Application monitoring is a critical practice in modern software development that involves tracking and analyzing the performance, health, and behavior of your applications. With Prometheus, you can implement powerful application monitoring to detect issues early, optimize performance, and understand user behavior patterns.

In this guide, we'll explore how Prometheus can be used to monitor applications, the instrumentation process, and how to extract meaningful insights from your application metrics.

Why Monitor Applications with Prometheus?

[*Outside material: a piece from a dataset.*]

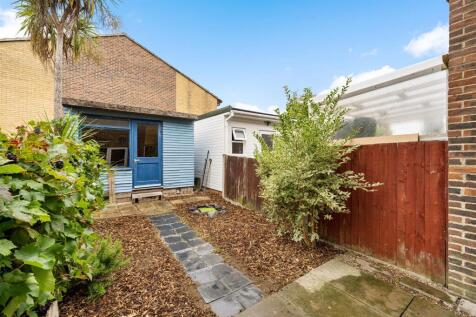 Marconi Rd, E10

Application monitoring with Prometheus offers several key advantages:

  1. Real-time visibility: Get immediate insights into how your applications are performing
  2. Proactive issue detection: Identify problems before they affect users
  3. Performance optimization: Discover bottlenecks and optimization opportunities
  4. Business insights: Understand usage patterns and feature adoption
  5. Data-driven decisions: Base technical and product decisions on actual metrics

Understanding Application Instrumentation

Instrumentation is the process of adding code to your application that exposes metrics for collection by monitoring systems like Prometheus.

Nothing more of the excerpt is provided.